*** Opening Records for this task ***

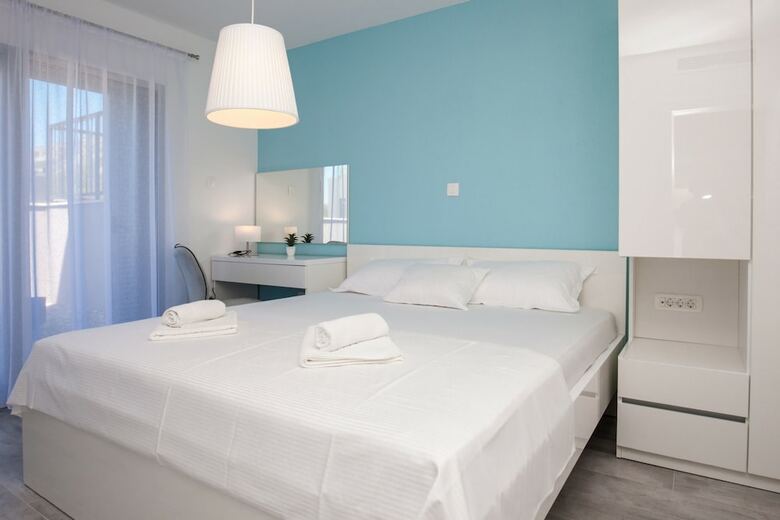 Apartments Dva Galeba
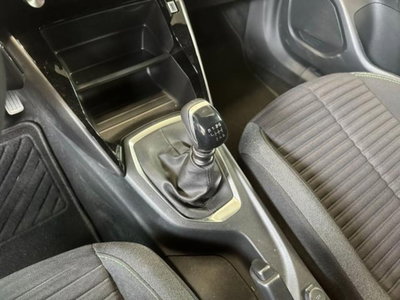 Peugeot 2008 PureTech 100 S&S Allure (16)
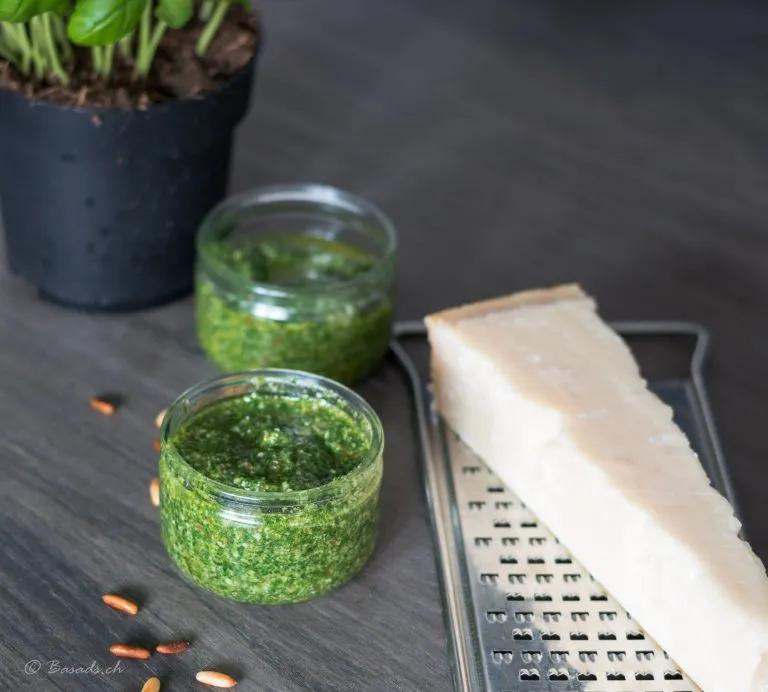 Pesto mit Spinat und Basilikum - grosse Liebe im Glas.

*** Closing Records for this task ***
*** Opening Records for this task ***

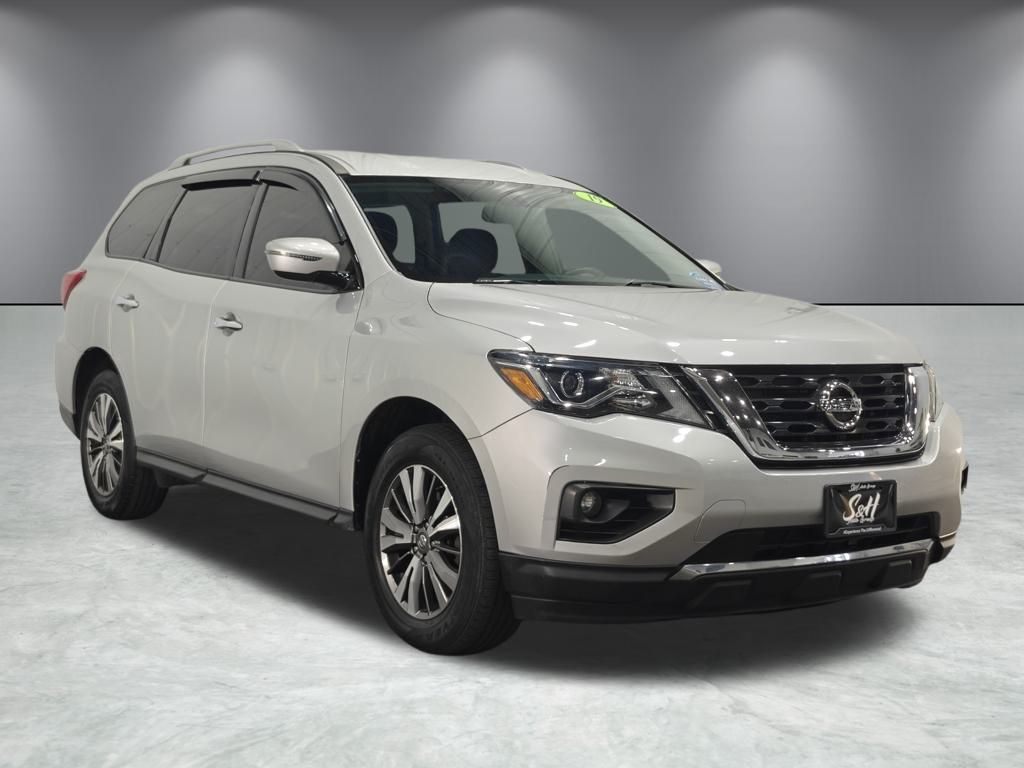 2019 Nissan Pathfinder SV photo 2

*** Closing Records for this task ***
*** Opening Records for this task ***

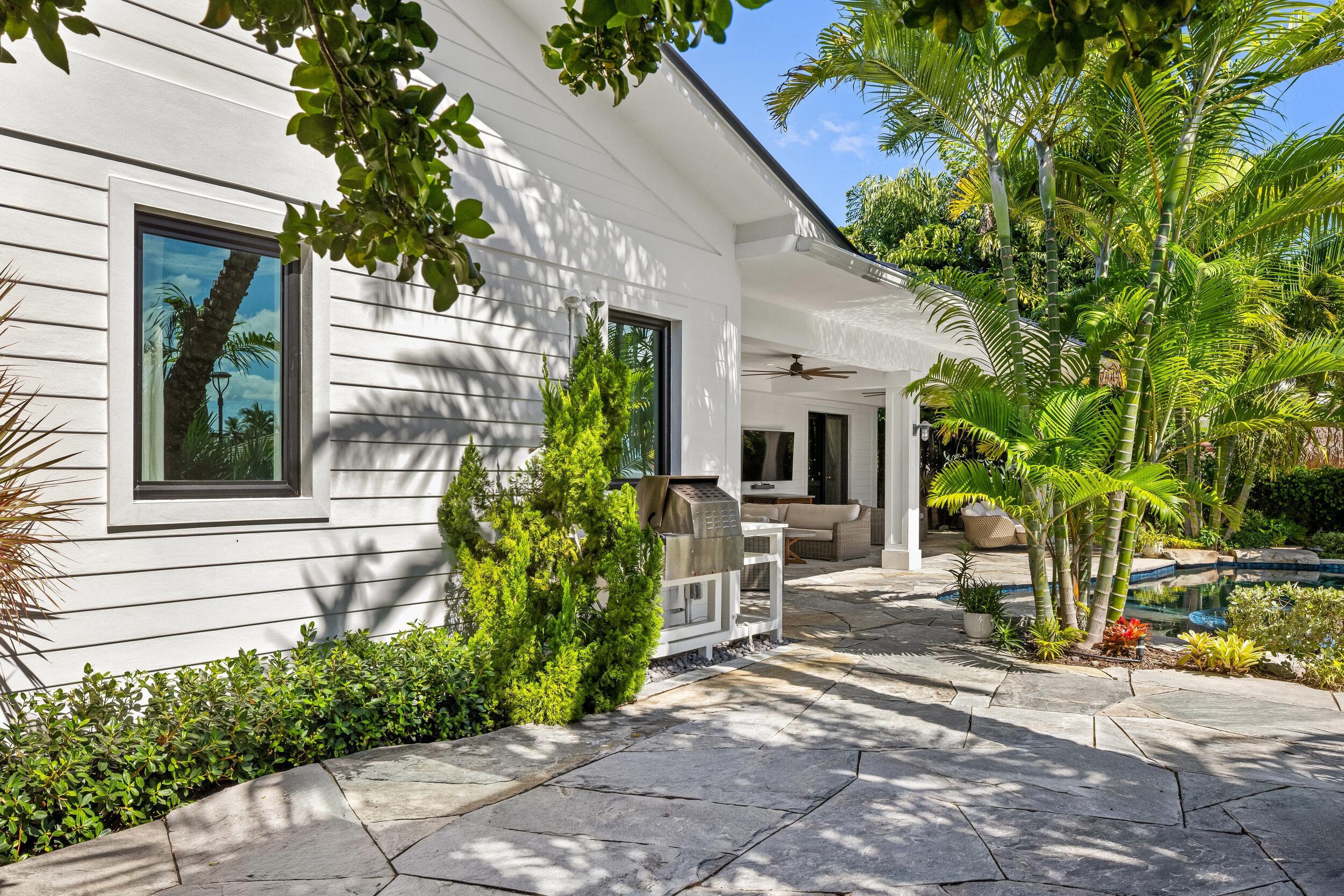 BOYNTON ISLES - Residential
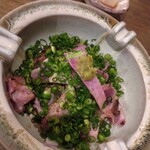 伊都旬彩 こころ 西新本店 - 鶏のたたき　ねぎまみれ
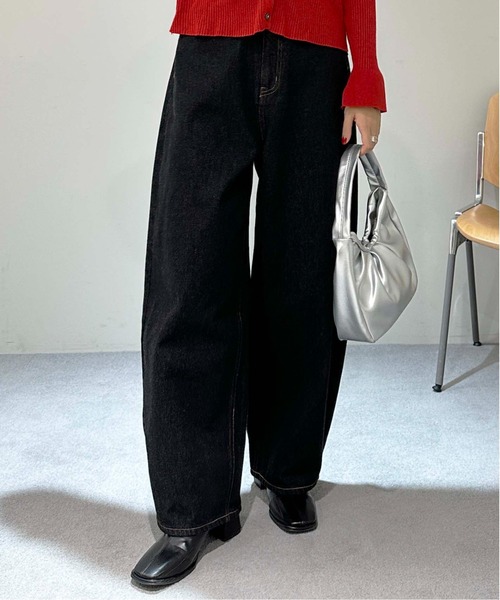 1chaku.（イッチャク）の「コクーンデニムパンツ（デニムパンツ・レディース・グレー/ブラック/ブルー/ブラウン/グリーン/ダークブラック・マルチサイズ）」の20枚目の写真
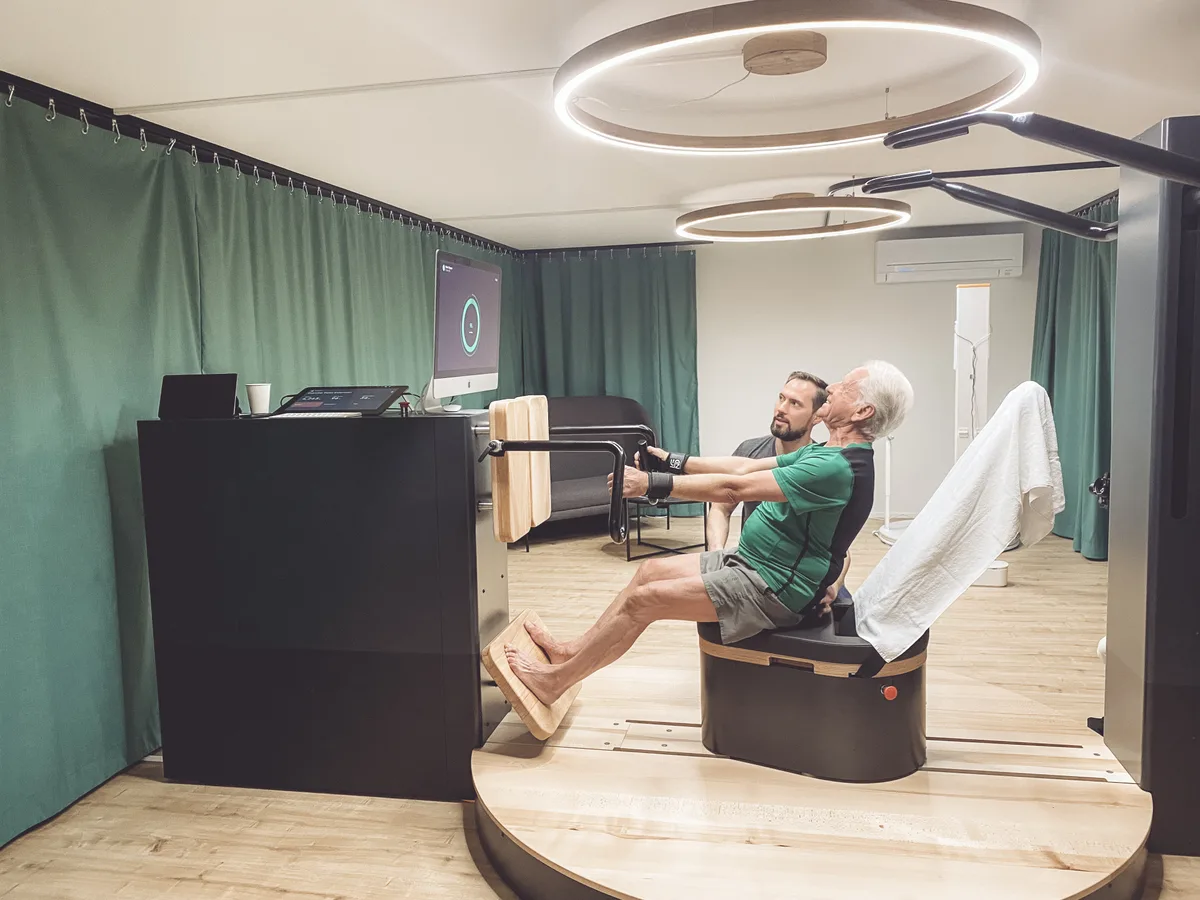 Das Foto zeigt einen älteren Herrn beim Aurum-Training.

*** Closing Records for this task ***

### What to work on
All pictures are to be skipped. Output, word for word, the lines in the data above starting at the line containing "Peugeot 2008 PureTech 100 S&S Allure (16)" and ending at the line containing "Pesto mit Spinat".

### Response to this exercise
 Peugeot 2008 PureTech 100 S&S Allure (16)
 Pesto mit Spinat und Basilikum - grosse Liebe im Glas.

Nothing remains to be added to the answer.